Last month I wrote to you about Miles Levin (Schlagbyte, July 16, 2007), an 18-year-old young man living with an unremitting malignancy. Since I was introduced to Miles, I have followed his precocious wisdom on his care pages postings. Over the last month when no therapy was effective, he still managed, in spite of pain, to connect with his growing number of readers.
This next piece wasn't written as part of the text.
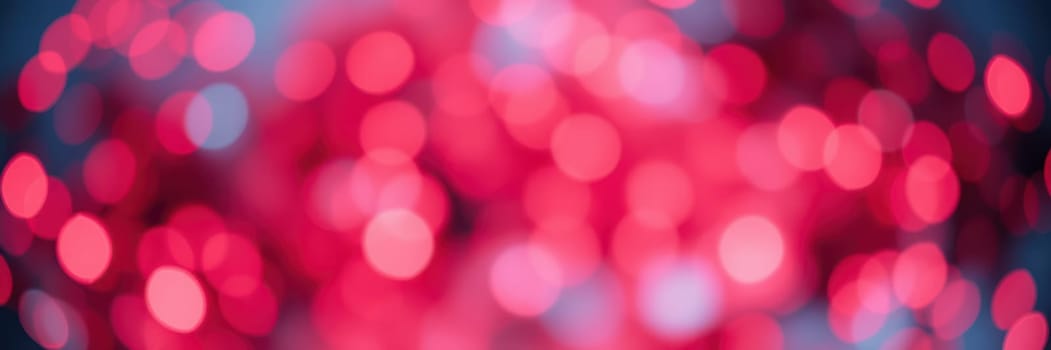 A vibrant display of red bokeh lights fills the background, enhancing the atmosphere during a nighttime celebration. The soft focus highlights the festive mood and warmth.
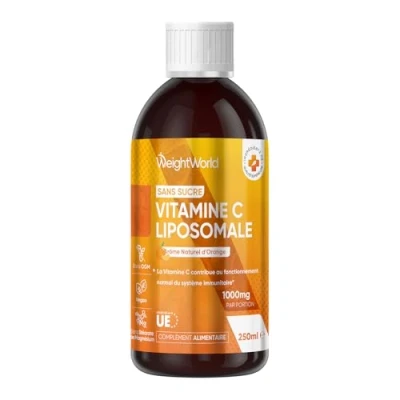 Afbeelding van Lipsomale Vitamine C 250 ml 1000mg Vloeibare Best opneembare vorm van Suikervrij en met Sinaasappelsmaak Alternatief voor capsules andere pillen 100% Natuurlijk WeightWorld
He brought us into his life and connected us to him and to each other; he taught us the difference between healing and curing. He told us what it was like to live life every day. He showed how to make new connections, and in so doing made his death a healing ceremony.
A month before his death, he went away to a camp exclusively for boys with cancer. He said totally contrary to what you might expect at the camp, it had nonstop energy with vitality bursting from its victims. Miles said the best part of being there was “Everybody here gets it, and that’s not something you can experience with your regular friends.”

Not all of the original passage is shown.